Иван ЦветаевЗаписка о Музее изящных искусств имени императора Александра III при Императорском московском университете
Эстетическое воспитание отдельных лиц и целых обществ достигается, главным образом, непосредственным, частым и внимательным созерцанием художественных произведений. Изобразительные искусства влияют на душу человека прежде всего своим внешним видом, своею формою, и потому непосредственному изучению их памятников в оригиналах или даже в удовлетворительно исполненных копиях приходится отдавать преимущество перед самой красноречивой лекцией профессора или писателя о том же предмете. В таком же положении находится и писатель по вопросам искусства.
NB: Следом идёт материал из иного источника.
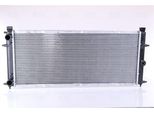 Nissens 65184 - Oe 701 121 253 Radiatore, Raffreddamento Motore Per T4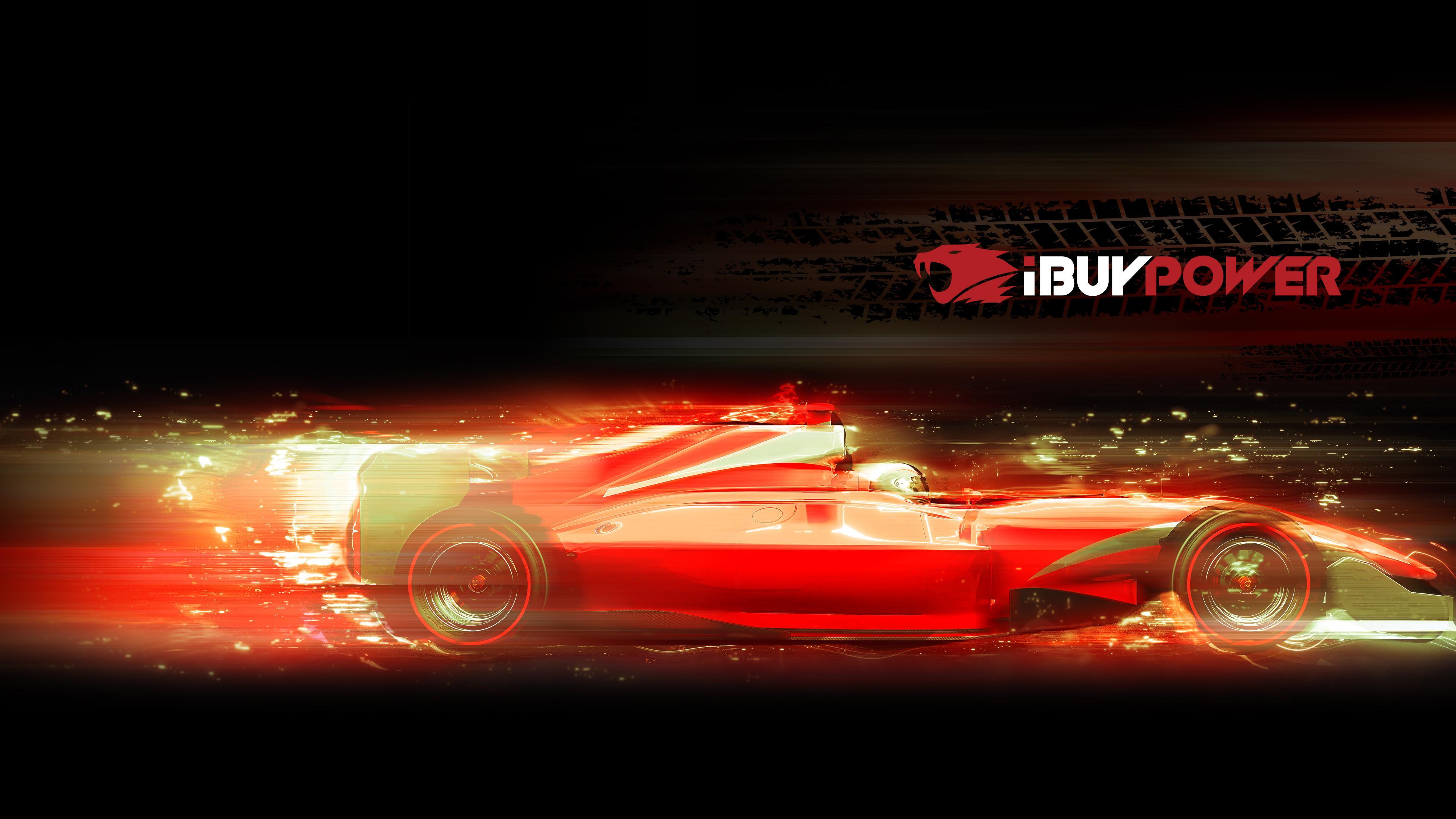 Wallpaper: iBUYPOWER®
Так, высочайшего энтузиазма и глубокого знания дела исполнены восторженные описания статуи Аполлона Бельведерского или знаменитого Torso di Belvedere Ватикана, оставленные нам Винкельманом; но они бледнеют в силе впечатления перед влиянием на душу зрителя самих памятников или даже гипсовых отливов с них. Никакие описания мастера литературного стиля не дадут нам того впечатления о Сикстинской Мадонне Рафаэля или о Страшном суде Микеланджело, каким дарят нас эти удивительные картины даже в их хороших воспроизведениях. Такова могучая роль непосредственного созерцания в деле искусства.
Илл.12. Иван Цветаев
Музей изящных искусств имени императора Александра III, организуемый при Императорском московском университете с учебно-воспитательною целью, имеет своим назначением представить в историческом порядке судьбы скульптуры, зодчества и живописи у древних и новых народов и чрез это дать учащемуся юношеству и публике необходимые средства к изучению искусств, к облагорожению их вкусов и развитию в них эстетических понятий. Скульптура будет изображена здесь в гипсовых слепках, делаемых в натуральную величину оригиналов и с математической точностью в лучших мастерских Западной Европы, преимущественно в самих государственных и частных музеях, где хранятся знаменитые оригиналы. Множество статуй, групп, рельефов и бюстов уже прибыли в Москву для будущего Музея из Лувра, Британского музея, Мюнхенской Глиптотеки, Дрезденского Альбертинума, из Берлинского Королевского Музея, из Национального Музея в Неаполе, из Ватикана и других музеев Рима. Скульптура в лучших и главнейших памятниках будет расположена в Музее по странам и историческим эпохам: 1) Египет, 2) Ассирия и древняя Персия, 3) Финикия и Малая Азия, 4) Греция в различные периоды процветания ее искусств (11 зал и кабинетов), 5) Рим, 6) Средние Века, 7) Эпоха Возрождения и 8) Новые времена и народы.